(Stored records)
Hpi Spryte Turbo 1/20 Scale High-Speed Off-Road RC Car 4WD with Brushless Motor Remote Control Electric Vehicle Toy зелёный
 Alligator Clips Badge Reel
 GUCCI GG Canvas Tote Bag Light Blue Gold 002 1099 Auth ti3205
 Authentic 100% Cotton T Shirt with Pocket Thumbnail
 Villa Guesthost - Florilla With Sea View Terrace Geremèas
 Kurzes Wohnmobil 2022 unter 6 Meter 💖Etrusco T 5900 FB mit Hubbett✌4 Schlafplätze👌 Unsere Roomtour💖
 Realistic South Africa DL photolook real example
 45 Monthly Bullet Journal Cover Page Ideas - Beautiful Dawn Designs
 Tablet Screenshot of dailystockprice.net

**Problem statement**
Output the data above exactly, please, line for line.

**Result**
Hpi Spryte Turbo 1/20 Scale High-Speed Off-Road RC Car 4WD with Brushless Motor Remote Control Electric Vehicle Toy зелёный
 Alligator Clips Badge Reel
 GUCCI GG Canvas Tote Bag Light Blue Gold 002 1099 Auth ti3205
 Authentic 100% Cotton T Shirt with Pocket Thumbnail
 Villa Guesthost - Florilla With Sea View Terrace Geremèas
 Kurzes Wohnmobil 2022 unter 6 Meter 💖Etrusco T 5900 FB mit Hubbett✌4 Schlafplätze👌 Unsere Roomtour💖
 Realistic South Africa DL photolook real example
 45 Monthly Bullet Journal Cover Page Ideas - Beautiful Dawn Designs
 Tablet Screenshot of dailystockprice.net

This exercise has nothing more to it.